Alaska taking steps to deal with warming

Baltimore Sun, via McClatchy: In the Norton Sound village of Shaktoolik, berms of driftwood above the beach used to provide protection from the sea. But these days the storm waves travel farther, pounding into the village itself, and the "Yukon logs" are tossed around like battering rams. Shaktoolik is the latest of a half-dozen remote Alaska villages battling drastic erosion from a changing climate. All of them face expensive options - seawall? relocation? - with meager resources of their own.

Now the state is taking steps to fill a leadership vacuum and start making decisions about what to do. In meetings during the past few weeks, Alaska Gov. Sarah Palin's climate change subcabinet has laid out a plan for tackling problems caused by global warming - and also for investigating ways to reduce Alaska's own emissions of greenhouse gases.

A first step will be recommendations about which village erosion projects should get priority. That's due to reach the subcabinet by April 1, said Mike Black, deputy commissioner of the Department of Commerce, Community and Economic Development. Funding agencies want someone to build consensus about what to do first, Black said.
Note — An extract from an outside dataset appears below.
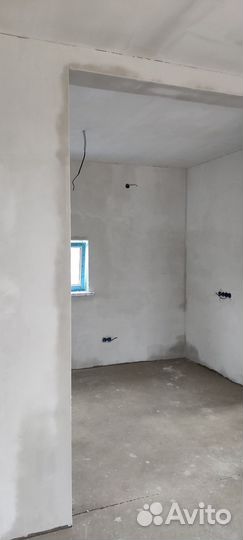 Шпатлевка стен, обой, поклейка обоев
The federal government simply won't fund every idea that comes its way, he said.

The climate subcabinet's efforts are built around a pair of buzzwords, "adaptation" for defense and "mitigation" for offense. …

Money from the initial auctioning of carbon credits to industry might be made available to deal with impacts in Alaska or relocation of tribes, they said. Funding to carry on the state's work and to help with community planning is included in a $1.1 million appropriation now before the Legislature.

That's a mere drop in the ocean compared to the money that may eventually be needed - $355 million to move the three most endangered communities, according to a 2006 Army Corps of Engineers study. Federal officials say no such money is available yet. State contributions are going to be necessary to entice federal funds, they say.

"There is no pot of money at any level to do these relocations. It doesn't exist," George Cannelos told an Anchorage climate forum last week. He is co-chairman of the Denali Commission, a state-federal agency that funds economic development and other improvements in rural Alaska.

Cannelos added that Alaska was going to have to put in "treasure" as well as time and talent. When Alaska asks for money, the presence of $37 billion in the state's Permanent Fund "doesn't resonate well inside the Beltway in Washington," he said.